» **TASK ITEM**: Look below for the line that has "SORA to TSUJIDO Life 空とつながる、茅ヶ崎・辻堂ライフのその他". Set down the lines from there through the line that has "giornale/TO00188060/1890/unico/00000136", exactly as written.

(Crawled caption data)
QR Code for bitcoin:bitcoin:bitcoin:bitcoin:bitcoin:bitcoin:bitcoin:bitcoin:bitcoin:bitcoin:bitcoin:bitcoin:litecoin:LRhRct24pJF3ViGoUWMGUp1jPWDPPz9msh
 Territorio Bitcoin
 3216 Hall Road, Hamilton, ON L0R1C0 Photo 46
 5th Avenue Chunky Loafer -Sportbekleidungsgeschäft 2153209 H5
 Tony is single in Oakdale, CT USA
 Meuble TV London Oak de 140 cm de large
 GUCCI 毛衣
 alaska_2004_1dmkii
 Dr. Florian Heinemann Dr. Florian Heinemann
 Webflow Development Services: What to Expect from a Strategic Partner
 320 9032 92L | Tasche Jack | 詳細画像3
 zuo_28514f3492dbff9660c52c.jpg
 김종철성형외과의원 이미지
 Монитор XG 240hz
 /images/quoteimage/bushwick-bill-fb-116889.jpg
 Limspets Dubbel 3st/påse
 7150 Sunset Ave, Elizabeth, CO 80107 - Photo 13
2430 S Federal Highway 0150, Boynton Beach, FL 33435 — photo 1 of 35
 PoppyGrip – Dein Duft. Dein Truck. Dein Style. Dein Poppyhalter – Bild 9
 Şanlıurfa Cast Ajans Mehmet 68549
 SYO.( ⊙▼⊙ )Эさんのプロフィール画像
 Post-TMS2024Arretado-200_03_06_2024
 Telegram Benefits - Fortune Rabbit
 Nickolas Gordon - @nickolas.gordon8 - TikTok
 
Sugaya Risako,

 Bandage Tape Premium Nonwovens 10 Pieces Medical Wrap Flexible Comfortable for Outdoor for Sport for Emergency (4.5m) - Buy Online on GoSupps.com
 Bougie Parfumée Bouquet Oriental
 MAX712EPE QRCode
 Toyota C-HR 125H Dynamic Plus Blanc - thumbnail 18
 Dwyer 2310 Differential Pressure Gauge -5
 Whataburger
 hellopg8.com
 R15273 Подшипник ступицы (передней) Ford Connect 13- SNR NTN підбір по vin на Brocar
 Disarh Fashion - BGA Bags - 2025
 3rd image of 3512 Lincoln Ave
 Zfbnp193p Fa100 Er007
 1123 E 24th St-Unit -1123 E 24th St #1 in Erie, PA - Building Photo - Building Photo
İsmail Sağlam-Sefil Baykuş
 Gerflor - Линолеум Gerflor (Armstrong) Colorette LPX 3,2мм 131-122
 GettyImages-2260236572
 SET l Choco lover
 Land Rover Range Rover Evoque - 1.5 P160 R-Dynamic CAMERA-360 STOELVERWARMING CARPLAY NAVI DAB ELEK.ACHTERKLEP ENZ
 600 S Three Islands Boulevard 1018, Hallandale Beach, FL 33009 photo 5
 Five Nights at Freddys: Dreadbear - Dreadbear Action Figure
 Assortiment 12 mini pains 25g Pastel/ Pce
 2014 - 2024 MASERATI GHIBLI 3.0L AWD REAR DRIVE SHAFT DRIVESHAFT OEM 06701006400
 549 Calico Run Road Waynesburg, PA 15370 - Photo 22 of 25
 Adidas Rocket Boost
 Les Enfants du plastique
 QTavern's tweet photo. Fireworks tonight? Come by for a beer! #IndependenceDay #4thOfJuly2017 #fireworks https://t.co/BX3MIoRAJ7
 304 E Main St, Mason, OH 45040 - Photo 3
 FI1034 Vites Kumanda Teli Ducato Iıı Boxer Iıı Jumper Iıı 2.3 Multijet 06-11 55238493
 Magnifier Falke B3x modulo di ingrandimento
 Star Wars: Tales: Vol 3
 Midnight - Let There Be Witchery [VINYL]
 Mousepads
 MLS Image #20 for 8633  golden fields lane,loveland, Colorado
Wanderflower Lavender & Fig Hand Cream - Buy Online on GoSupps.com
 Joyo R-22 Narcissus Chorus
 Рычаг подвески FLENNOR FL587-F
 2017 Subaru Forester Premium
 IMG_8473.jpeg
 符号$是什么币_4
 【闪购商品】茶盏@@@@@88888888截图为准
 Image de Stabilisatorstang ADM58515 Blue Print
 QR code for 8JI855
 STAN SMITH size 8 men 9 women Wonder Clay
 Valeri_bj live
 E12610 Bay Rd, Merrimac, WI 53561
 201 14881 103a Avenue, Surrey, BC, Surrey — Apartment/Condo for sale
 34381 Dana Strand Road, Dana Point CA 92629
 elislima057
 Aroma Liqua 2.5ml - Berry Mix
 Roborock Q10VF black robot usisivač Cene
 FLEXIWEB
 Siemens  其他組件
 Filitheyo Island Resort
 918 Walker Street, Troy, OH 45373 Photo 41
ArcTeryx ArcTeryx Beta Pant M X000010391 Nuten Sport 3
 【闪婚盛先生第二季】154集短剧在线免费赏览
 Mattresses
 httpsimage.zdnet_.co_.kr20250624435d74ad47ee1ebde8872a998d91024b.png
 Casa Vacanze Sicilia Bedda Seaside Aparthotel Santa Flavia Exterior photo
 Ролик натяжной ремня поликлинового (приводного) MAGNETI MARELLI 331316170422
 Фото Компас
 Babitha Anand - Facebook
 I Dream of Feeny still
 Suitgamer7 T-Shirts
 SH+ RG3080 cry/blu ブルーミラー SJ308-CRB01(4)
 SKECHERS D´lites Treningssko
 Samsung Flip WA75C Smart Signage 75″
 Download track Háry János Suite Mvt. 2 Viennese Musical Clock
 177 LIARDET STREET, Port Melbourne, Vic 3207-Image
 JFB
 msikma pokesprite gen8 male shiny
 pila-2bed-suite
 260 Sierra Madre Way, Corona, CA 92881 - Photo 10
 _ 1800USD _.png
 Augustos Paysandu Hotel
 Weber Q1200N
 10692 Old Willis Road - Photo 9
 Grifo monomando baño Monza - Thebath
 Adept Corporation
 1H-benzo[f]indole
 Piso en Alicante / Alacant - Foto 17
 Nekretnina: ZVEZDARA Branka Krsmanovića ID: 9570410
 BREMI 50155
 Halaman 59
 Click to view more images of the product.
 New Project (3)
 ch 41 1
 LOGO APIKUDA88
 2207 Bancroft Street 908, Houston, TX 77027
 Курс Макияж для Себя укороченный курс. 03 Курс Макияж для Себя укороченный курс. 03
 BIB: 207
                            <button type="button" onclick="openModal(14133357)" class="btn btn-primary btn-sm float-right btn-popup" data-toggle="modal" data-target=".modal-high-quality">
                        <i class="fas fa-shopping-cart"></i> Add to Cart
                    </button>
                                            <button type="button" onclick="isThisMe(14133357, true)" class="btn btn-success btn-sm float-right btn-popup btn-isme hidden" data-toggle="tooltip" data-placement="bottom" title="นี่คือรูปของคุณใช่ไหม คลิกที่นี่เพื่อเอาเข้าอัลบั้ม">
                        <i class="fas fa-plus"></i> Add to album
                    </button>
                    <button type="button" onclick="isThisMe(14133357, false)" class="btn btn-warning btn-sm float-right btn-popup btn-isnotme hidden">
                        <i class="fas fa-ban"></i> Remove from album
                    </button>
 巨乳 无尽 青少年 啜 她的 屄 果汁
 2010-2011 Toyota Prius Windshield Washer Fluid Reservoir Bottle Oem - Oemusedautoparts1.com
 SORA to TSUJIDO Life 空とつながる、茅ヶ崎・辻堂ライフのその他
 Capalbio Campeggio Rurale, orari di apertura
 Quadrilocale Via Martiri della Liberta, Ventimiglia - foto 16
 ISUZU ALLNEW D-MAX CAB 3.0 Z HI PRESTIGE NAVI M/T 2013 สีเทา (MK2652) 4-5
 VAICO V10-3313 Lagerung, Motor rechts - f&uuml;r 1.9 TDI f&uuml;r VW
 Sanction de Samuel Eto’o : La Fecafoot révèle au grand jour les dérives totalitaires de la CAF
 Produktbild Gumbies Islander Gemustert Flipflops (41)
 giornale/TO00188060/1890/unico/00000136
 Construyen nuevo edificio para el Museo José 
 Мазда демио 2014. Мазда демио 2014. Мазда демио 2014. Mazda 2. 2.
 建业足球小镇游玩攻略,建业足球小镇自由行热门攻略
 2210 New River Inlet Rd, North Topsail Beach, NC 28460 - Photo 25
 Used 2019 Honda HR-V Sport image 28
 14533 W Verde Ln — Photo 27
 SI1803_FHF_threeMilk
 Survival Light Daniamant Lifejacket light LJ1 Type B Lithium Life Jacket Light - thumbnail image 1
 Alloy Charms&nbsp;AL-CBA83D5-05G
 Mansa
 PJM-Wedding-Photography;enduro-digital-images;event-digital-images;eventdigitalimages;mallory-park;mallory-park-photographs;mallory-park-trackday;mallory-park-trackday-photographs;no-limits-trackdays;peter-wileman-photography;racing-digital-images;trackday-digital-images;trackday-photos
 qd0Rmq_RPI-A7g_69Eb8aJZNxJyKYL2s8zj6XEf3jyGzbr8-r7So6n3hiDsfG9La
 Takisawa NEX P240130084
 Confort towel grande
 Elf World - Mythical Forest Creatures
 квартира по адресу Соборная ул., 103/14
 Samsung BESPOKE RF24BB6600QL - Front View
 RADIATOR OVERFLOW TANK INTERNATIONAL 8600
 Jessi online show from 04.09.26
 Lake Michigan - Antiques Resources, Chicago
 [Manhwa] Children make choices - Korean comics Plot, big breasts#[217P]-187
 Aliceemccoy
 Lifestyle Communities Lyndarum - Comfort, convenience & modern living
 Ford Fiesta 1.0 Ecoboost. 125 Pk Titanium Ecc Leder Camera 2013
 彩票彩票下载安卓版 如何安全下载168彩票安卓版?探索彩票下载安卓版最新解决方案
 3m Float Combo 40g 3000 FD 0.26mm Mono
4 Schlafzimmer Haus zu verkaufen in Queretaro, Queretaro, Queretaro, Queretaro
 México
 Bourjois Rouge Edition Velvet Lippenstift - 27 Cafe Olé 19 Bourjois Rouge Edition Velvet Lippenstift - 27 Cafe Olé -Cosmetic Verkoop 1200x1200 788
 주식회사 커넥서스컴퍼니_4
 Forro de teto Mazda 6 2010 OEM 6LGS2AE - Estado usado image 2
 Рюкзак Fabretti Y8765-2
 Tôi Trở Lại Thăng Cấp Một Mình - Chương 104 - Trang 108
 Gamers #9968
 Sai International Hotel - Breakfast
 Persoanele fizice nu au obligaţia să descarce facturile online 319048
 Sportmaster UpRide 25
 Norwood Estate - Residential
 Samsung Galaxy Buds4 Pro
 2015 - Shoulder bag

» **RESULT**:
 SORA to TSUJIDO Life 空とつながる、茅ヶ崎・辻堂ライフのその他
 Capalbio Campeggio Rurale, orari di apertura
 Quadrilocale Via Martiri della Liberta, Ventimiglia - foto 16
 ISUZU ALLNEW D-MAX CAB 3.0 Z HI PRESTIGE NAVI M/T 2013 สีเทา (MK2652) 4-5
 VAICO V10-3313 Lagerung, Motor rechts - f&uuml;r 1.9 TDI f&uuml;r VW
 Sanction de Samuel Eto’o : La Fecafoot révèle au grand jour les dérives totalitaires de la CAF
 Produktbild Gumbies Islander Gemustert Flipflops (41)
 giornale/TO00188060/1890/unico/00000136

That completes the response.